▶ [Aim of the exercise]: Print the whole listing again exactly as it stands, leaving out any images.

▶ [Data excerpt]:
---

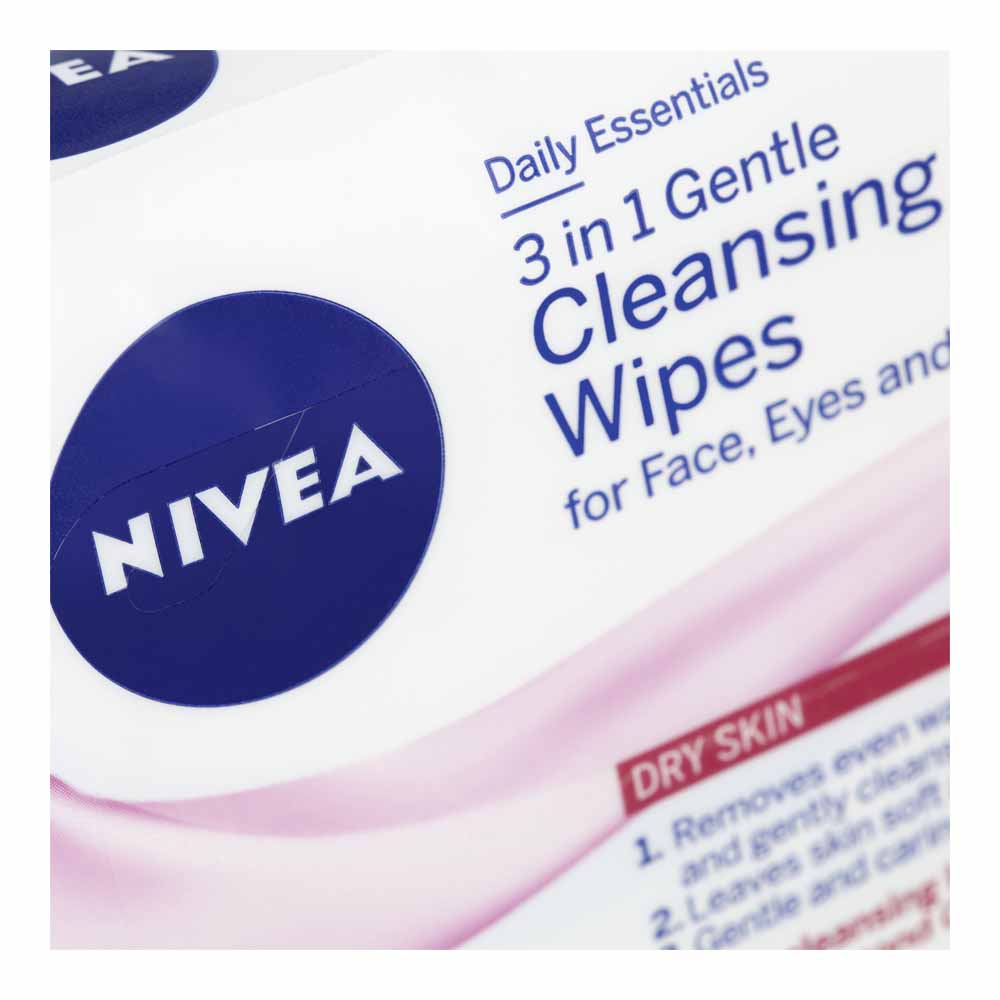 Nivea Daily Essentials Dry Skin Gentle Facial Cleansing Wipes 25 pack Image 2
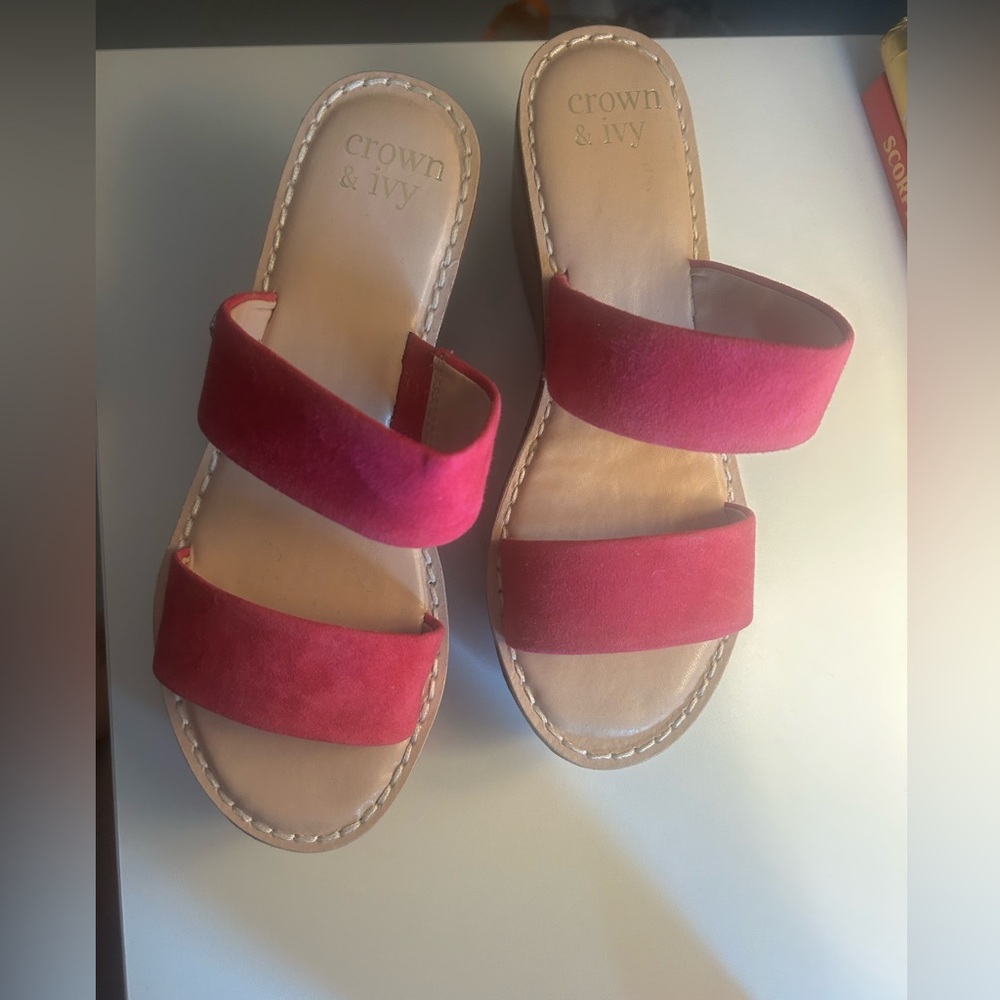 NWT SANDALS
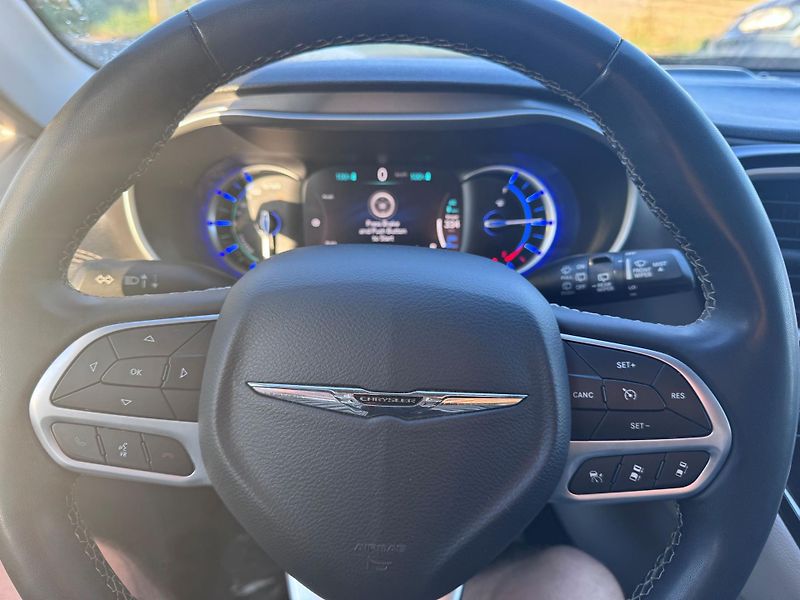 Chrysler Pacifica (2023) 3,6 Hybrid RU Radar Limit 2023 - fotka 18 z 20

---

▶ [Result of the task]:
 Nivea Daily Essentials Dry Skin Gentle Facial Cleansing Wipes 25 pack Image 2
 NWT SANDALS
 Chrysler Pacifica (2023) 3,6 Hybrid RU Radar Limit 2023 - fotka 18 z 20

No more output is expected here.